By Gregory Lopes
THE WASHINGTON TIMES
Published December 28, 2006
On a Tuesday afternoon, Carrie Lukas is more likely to be getting her daughter ready for a nap or taking her out to play rather than bound to a desk. However, she says she’s more productive than she’s ever been.
An author and a vice president at the Independent Women’s Forum, Ms. Lukas did not want to stop working when she had her daughter, Molly, in September 2005 — but she also didn’t want to go back to the office.
“My maternity leave was up, but I felt it was way too early to go back to work,” she said. “We needed the paycheck, but it would have felt like too much of a sacrifice to go back so soon.”
Today, Americans are working more than ever, and the majority of employees feel deprived of time with their husbands or wives, according to the Families and Work Institute.
The Independent Women’s Forum granted Ms. Lukas’ request, on a trial basis, for a work-from-home schedule. Rather than see her work diminish, Ms. Lukas was able to streamline her time more effectively than she had in an office setting. She says she works at night or when Molly is taking one of her numerous afternoon naps.
“What is interesting about working from home is that you become more conscious of time,” she said. “Production is not how much time I spend on a project, it’s how much I get done. I am getting as much done at home as being in the office from 9 to 5.”
The work-from-home trial was made permanent at the beginning of this year by Michelle Bernard, president of the Independent Women’s Forum for the past three years.
“I knew after Molly was born that Carrie would be willing to leave the company if she had to come back to work,” Ms. Bernard said. “I wasn’t willing to lose Carrie.”

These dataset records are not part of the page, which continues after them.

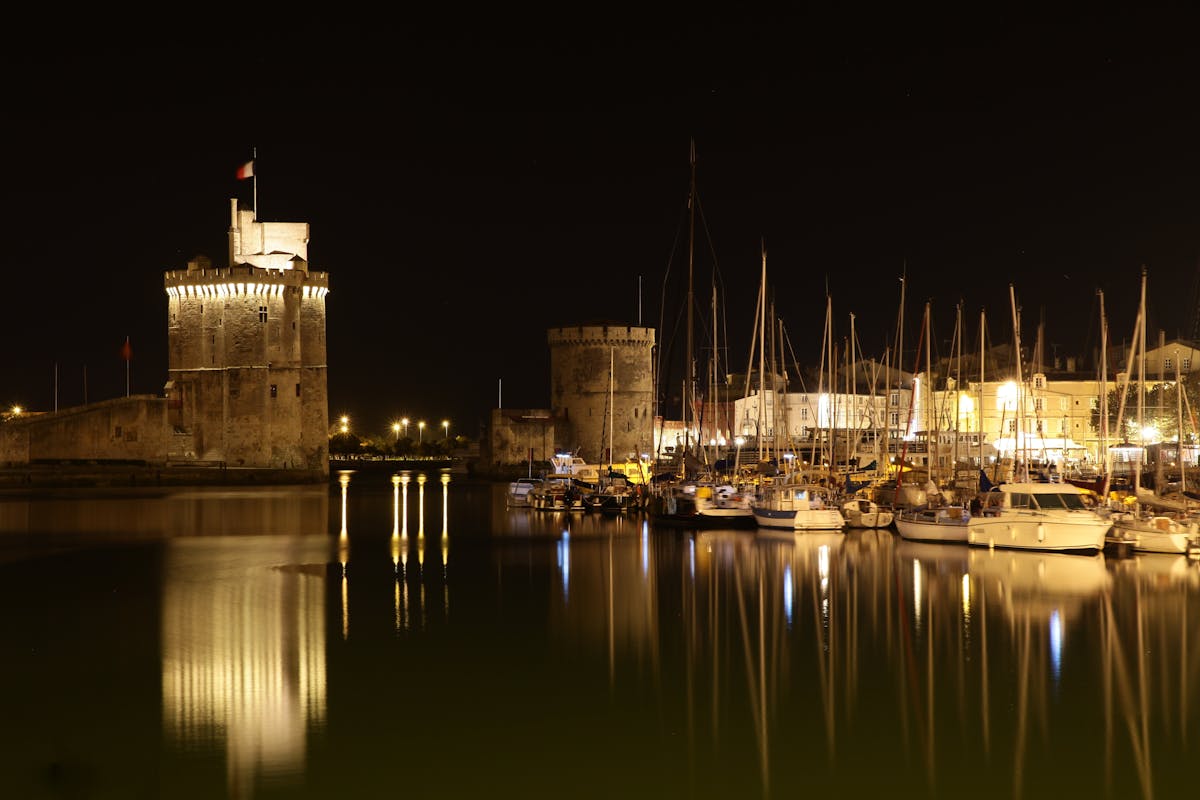 La Rochelle harbour at night with illuminated historic towers reflected in the water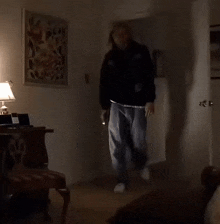 a man in a black jacket is pointing a gun at a woman in a room .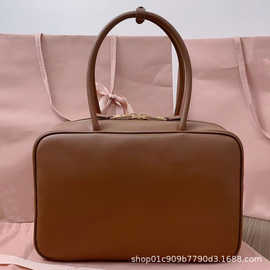 缪家长手柄公手提公文包牛皮商务通勤包保龄球单肩斜挎包手拎头层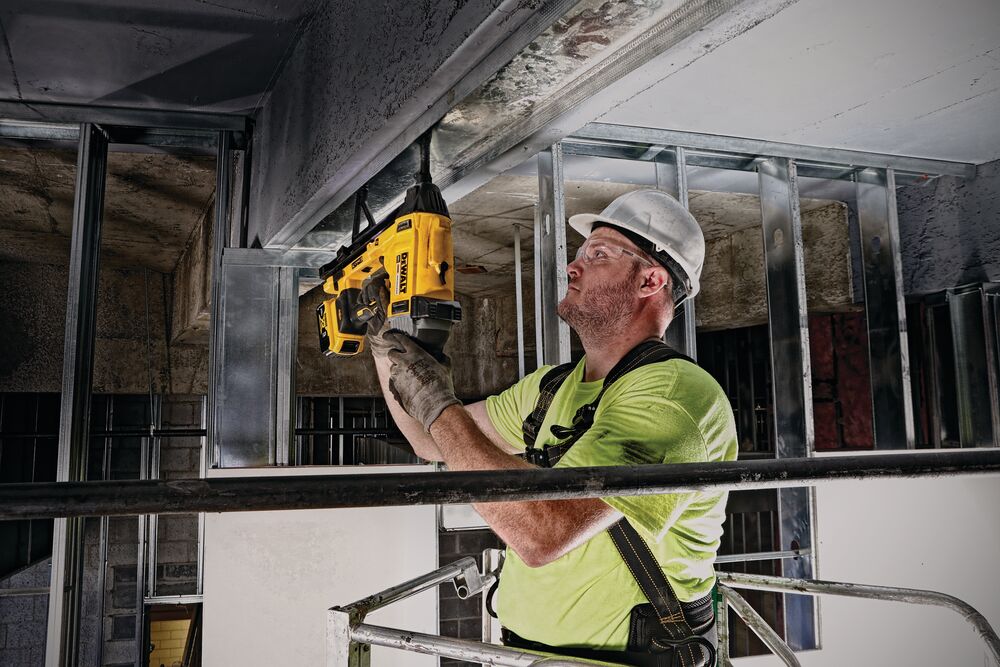 Magazine Cordless Concrete Nailer with a battery being used by a person to provide fixture to hard concrete.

Ms. Lukas is the author of “The Politically Incorrect Guide to Women, Sex and Feminism” and a regular contributor to National Review Online.
Indeed, a flexible work schedule only works if work is actually being done. If both parties fulfill their end of the bargain, Ms. Bernard says, productivity can reach new heights.

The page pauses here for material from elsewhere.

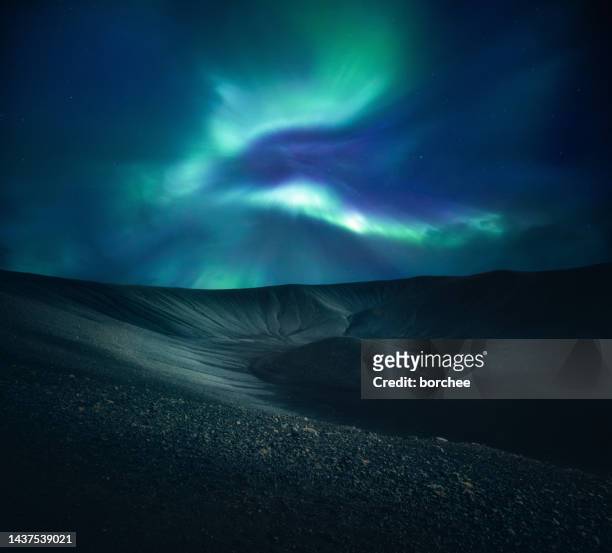 northern lights above volcanic crater - aurora panorama stock pictures, royalty-free photos & images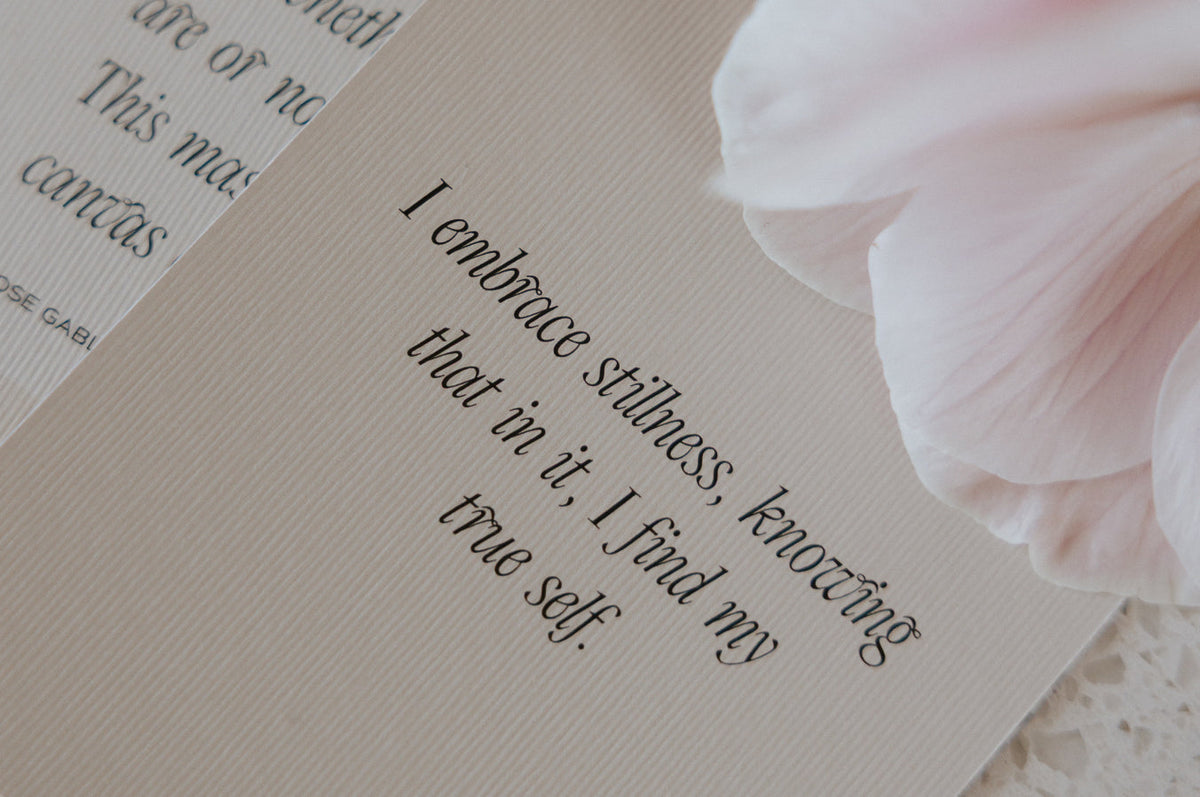 Two affirmation cards resting on soft white fabric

“We are committed to being the best public-policy organization, and there is nothing more valuable than a happy employee; the work they put out can be tremendous. On the other hand, an unhappy employee can destroy the productivity of the whole organization.”
More American companies are offering alternative schedules and shorter workweeks to help employees balance work and family demands.
“We’re seeing Americans work more than ever, but at the same time, there are a lot businesses deciding to offer ways employees can stay married and maintain a profession,” said Mitch Daniels, president of the Alliance for Marriage.